Dataset entries
──────────
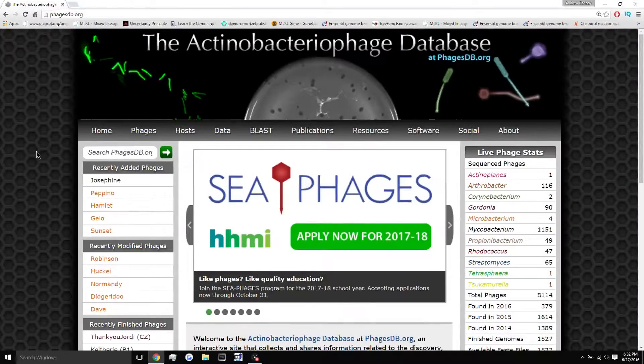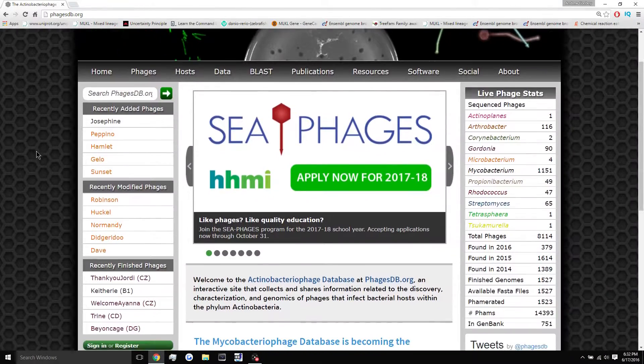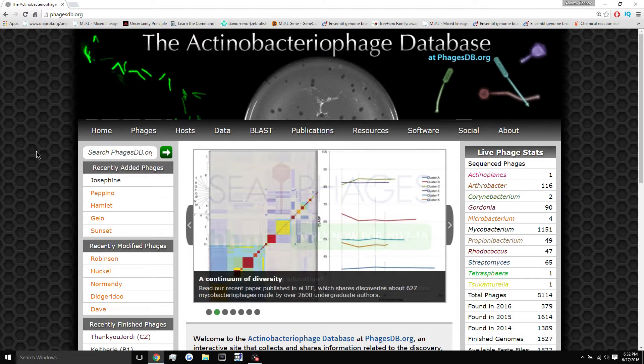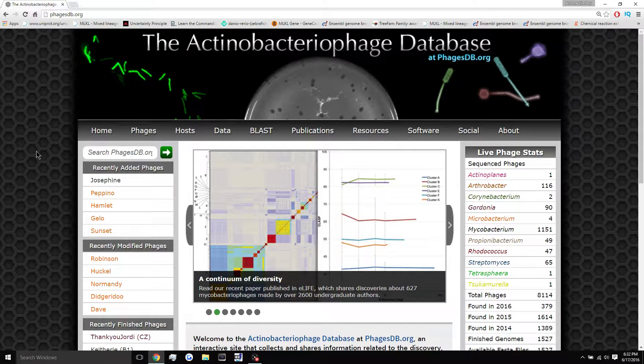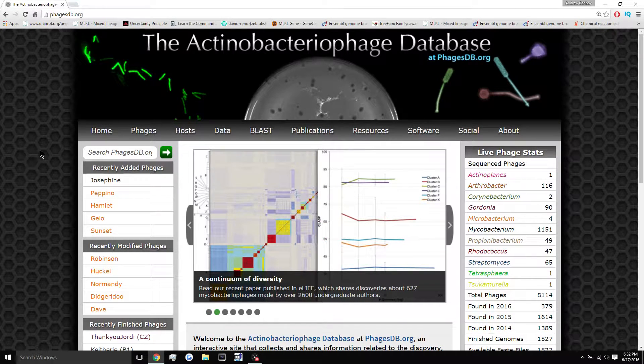Hello everyone, welcome to your first DNA Master tutorial. Today we're going to be showing you how to obtain DNA Master, how to get it running and installed on your Windows machine.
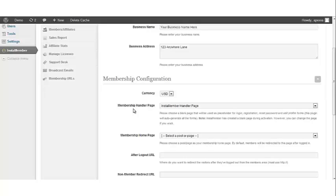Normally, InstaMember will auto-create the handler page upon your plugin activation, so you don't have to modify this setting. However, if there's no page selected for this setting, then please create a page with any title and blank content and select that page for the Membership Handler page setting.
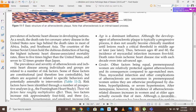Age is another non-modifiable risk factor for atherosclerosis. It is a dominant influence, although atherosclerotic plaque development is typically a progressive process that does not usually become clinically manifest until lesions reach a critical threshold in middle age or later. Between ages 40 and 60, the incidence of MI increases five-fold. Death rates from ischemic heart disease rise with each decade, even into advanced age.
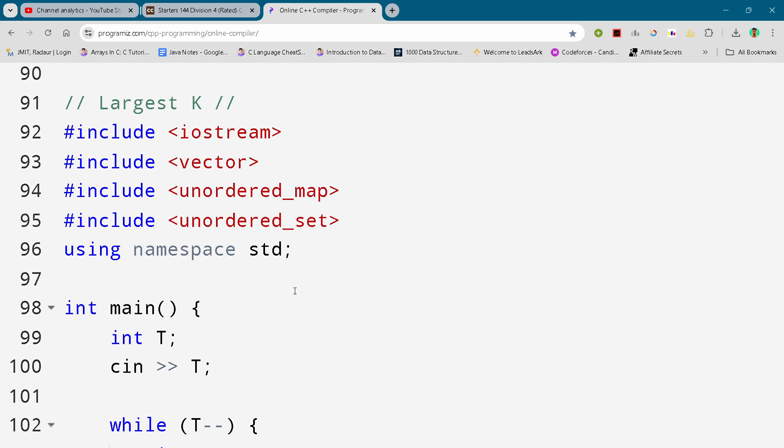Hey guys, I am back with another Codeforces round. In this video, I will be giving you the solution for this problem, Codeforces Round Status 144, and in this video I will give you the solution for problem Largest K.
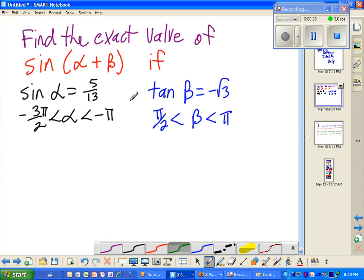That tells us that alpha is going to be in the second quadrant. And over here, tangent of beta is given to be negative square root of 3, and it's got to be from pi over 2 to pi, which is also the second quadrant.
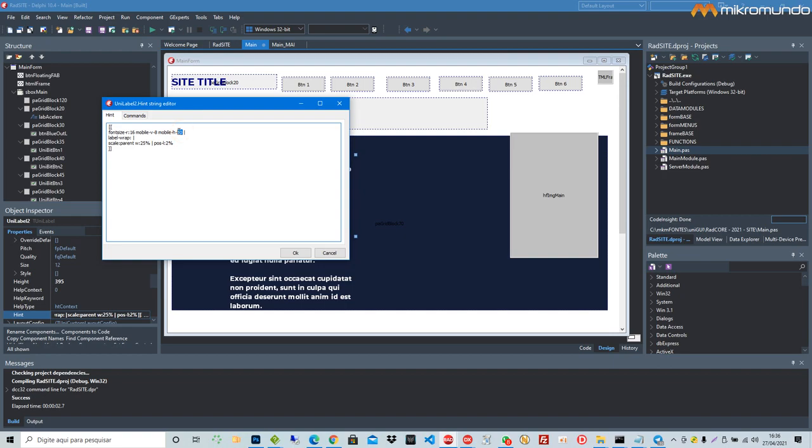10 pixels. And the scale of this label is linked with the parent, the container is the parent of the label.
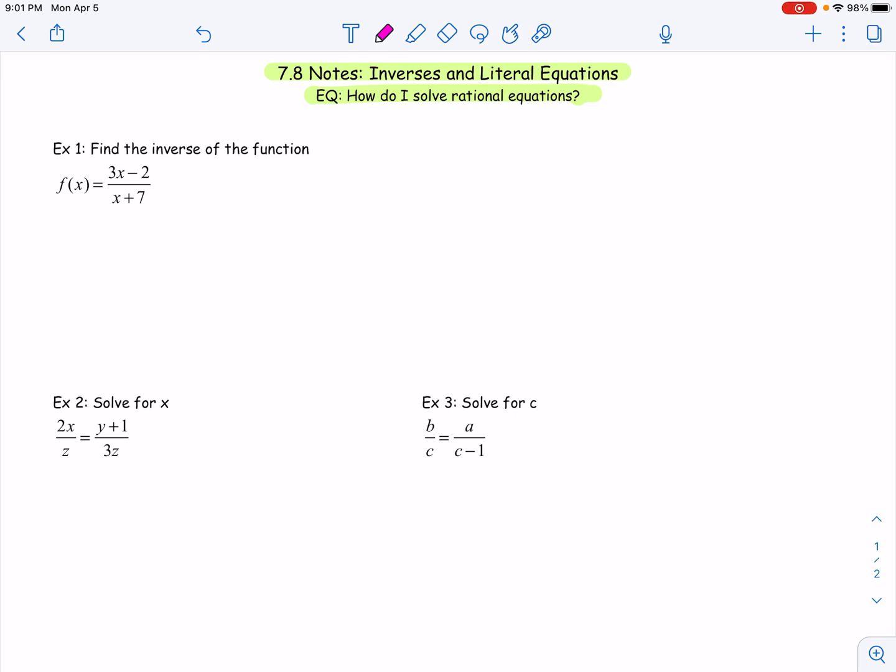Aloha, my friends. We are towards the end of unit seven — we're almost there. And today we're going to talk about finding the inverses and solving literal equations.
──────────
The answer must be an exact copy of the lines from the one with "Hey guys, I" through the final line above, both ends included, and nothing else; pictures stay out.

Hey guys, I am back with another Codeforces round. In this video, I will be giving you the solution for this problem, Codeforces Round Status 144, and in this video I will give you the solution for problem Largest K.
That tells us that alpha is going to be in the second quadrant. And over here, tangent of beta is given to be negative square root of 3, and it's got to be from pi over 2 to pi, which is also the second quadrant.
10 pixels. And the scale of this label is linked with the parent, the container is the parent of the label.
Aloha, my friends. We are towards the end of unit seven — we're almost there. And today we're going to talk about finding the inverses and solving literal equations.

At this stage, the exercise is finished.